**TASK REQUIREMENTS:**
Go through the data underneath and copy every line exactly.

**DATA FOR ANALYSIS:**

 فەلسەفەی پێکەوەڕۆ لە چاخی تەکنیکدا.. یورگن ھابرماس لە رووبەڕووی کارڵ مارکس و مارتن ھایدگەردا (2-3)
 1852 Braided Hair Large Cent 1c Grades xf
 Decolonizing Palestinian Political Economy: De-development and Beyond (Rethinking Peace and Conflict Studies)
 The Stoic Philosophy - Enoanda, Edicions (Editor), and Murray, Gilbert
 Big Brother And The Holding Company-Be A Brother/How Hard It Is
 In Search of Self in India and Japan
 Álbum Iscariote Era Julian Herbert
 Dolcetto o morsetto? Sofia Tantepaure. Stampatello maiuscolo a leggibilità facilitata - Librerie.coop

**REPLY:**
 فەلسەفەی پێکەوەڕۆ لە چاخی تەکنیکدا.. یورگن ھابرماس لە رووبەڕووی کارڵ مارکس و مارتن ھایدگەردا (2-3)
 1852 Braided Hair Large Cent 1c Grades xf
 Decolonizing Palestinian Political Economy: De-development and Beyond (Rethinking Peace and Conflict Studies)
 The Stoic Philosophy - Enoanda, Edicions (Editor), and Murray, Gilbert
 Big Brother And The Holding Company-Be A Brother/How Hard It Is
 In Search of Self in India and Japan
 Álbum Iscariote Era Julian Herbert
 Dolcetto o morsetto? Sofia Tantepaure. Stampatello maiuscolo a leggibilità facilitata - Librerie.coop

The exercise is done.